Harpagon, qui veillait son père agonisant,

Se dit, rêveur, devant ces lèvres déjà blanches :

« Nous avons au grenier un nombre suffisant,

Ce me semble, de vieilles planches ? »
Célimène roucoule et dit : « Mon cœur est bon,

Et naturellement, Dieu m’a faite très-belle. »

— Son cœur ! cœur racorni, fumé comme un jambon,

Recuit à la flamme éternelle !
Un gazetier fumeux, qui se croit un flambeau,

Dit au pauvre, qu’il a noyé dans les ténèbres :

« Où donc l’aperçois-tu, ce créateur du Beau,

Ce Redresseur que tu célèbres ? »
Mieux que tous, je connais certain voluptueux

Qui bâille nuit et jour, et se lamente et pleure,

Répétant, l’impuissant et le fat : « Oui, je veux

Être vertueux, dans une heure ! »
L’horloge, à son tour, dit à voix basse : « Il est mûr,

Le damné ! J’avertis en vain la chair infecte.

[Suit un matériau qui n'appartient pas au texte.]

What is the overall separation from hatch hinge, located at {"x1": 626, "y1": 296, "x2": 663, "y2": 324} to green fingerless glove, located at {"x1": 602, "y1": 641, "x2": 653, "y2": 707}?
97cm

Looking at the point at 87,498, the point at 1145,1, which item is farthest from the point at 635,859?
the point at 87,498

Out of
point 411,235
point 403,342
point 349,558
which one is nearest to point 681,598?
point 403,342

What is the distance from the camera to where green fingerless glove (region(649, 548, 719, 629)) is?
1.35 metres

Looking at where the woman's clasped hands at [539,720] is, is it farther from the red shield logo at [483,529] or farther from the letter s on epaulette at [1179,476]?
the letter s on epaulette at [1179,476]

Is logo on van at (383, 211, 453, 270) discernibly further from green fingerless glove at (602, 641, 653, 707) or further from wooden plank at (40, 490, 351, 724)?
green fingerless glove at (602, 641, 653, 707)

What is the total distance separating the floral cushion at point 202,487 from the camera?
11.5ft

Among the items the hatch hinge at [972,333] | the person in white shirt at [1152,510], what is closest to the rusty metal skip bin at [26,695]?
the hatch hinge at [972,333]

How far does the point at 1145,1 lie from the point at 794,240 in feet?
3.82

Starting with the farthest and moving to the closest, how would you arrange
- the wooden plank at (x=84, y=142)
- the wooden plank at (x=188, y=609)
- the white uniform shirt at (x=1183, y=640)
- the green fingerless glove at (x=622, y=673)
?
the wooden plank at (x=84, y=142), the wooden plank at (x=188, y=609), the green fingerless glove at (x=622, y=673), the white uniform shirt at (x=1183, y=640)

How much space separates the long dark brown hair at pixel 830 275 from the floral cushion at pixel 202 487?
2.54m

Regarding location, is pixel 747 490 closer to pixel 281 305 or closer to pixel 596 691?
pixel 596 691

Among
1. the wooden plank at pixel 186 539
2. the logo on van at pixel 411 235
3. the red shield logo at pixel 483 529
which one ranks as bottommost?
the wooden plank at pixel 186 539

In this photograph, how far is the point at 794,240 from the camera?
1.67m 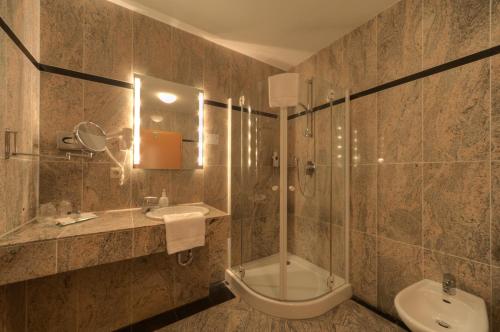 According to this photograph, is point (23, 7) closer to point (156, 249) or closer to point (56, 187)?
point (56, 187)

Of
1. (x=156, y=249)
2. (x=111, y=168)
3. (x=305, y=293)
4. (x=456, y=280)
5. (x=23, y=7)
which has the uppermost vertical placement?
(x=23, y=7)

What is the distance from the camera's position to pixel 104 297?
148cm

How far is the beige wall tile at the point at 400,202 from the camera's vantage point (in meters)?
1.50

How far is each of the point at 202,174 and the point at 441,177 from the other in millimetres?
1930

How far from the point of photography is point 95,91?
5.19 feet

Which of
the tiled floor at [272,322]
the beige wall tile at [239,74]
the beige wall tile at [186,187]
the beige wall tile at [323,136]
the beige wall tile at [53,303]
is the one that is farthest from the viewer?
the beige wall tile at [239,74]

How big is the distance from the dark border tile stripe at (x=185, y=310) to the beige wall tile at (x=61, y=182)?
1044 millimetres

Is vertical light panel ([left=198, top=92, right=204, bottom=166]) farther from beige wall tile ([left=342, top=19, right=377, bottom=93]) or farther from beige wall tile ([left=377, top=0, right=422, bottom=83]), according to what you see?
beige wall tile ([left=377, top=0, right=422, bottom=83])

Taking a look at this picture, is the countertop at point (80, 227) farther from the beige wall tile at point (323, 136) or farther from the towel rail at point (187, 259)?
the beige wall tile at point (323, 136)

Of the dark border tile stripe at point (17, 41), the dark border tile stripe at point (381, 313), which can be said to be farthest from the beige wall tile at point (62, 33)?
the dark border tile stripe at point (381, 313)

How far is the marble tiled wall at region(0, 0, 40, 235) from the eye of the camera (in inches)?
41.3

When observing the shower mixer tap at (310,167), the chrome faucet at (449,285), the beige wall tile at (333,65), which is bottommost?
the chrome faucet at (449,285)

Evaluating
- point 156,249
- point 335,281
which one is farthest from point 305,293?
point 156,249

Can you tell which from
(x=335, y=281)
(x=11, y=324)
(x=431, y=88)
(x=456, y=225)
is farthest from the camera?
(x=335, y=281) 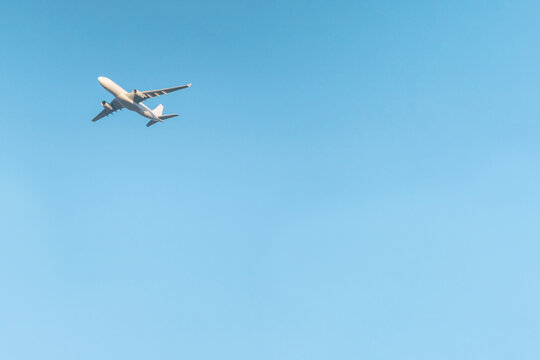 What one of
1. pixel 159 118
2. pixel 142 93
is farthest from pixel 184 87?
pixel 159 118

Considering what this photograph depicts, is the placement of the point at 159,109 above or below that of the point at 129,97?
above

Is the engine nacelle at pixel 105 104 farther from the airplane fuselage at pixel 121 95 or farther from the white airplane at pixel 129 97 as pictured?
the airplane fuselage at pixel 121 95

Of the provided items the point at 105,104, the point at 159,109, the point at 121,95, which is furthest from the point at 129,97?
the point at 159,109

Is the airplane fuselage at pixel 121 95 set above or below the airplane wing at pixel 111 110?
below

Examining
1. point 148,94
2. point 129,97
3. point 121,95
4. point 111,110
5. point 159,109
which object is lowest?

L’homme est aveugle, sourd, fragile comme un mur

Qu’habite et que ronge un insecte ! »
Et puis, quelqu’un paraît, que tous avaient nié,

Et qui leur dit, railleur et fier : « Dans mon ciboire,

Vous avez, que je crois, assez communié,

À la joyeuse Messe noire ?
Chacun de vous m’a fait un temple dans son cœur ;

Vous avez, en secret, baisé ma fesse immonde !

Reconnaissez Satan à son rire vainqueur,

Énorme et laid comme le monde !
Avez-vous donc pu croire, hypocrites surpris,

Qu’on se moque du maître, et qu’avec lui l’on triche,

Et qu’il soit naturel de recevoir deux prix,

D’aller au Ciel et d’être riche ?
Il faut que le gibier paye le vieux chasseur

Qui se morfond longtemps à l’affût de la proie.

Je vais vous emporter à travers l’épaisseur,

Compagnons de ma triste joie,
À travers l’épaisseur de la terre et du roc,

À travers les amas confus de votre cendre,

Dans un palais aussi grand que moi, d’un seul bloc,

Et qui n’est pas de pierre tendre ;
Car il est fait avec l’universel Péché,

Et contient mon orgueil, ma douleur et ma gloire ! »

— Cependant, tout en haut de l’univers juché,

Un Ange sonne la victoire
De ceux dont le cœur dit : « Que béni soit ton fouet,

Seigneur ! que la douleur, ô Père, soit bénie !

Mon âme dans tes mains n’est pas un vain jouet,

Et ta prudence est infinie. »
Le son de la trompette est si délicieux,

Dans ces soirs solennels de célestes vendanges,

Qu’il s’infiltre comme une extase dans tous ceux

Dont elle chante les louanges.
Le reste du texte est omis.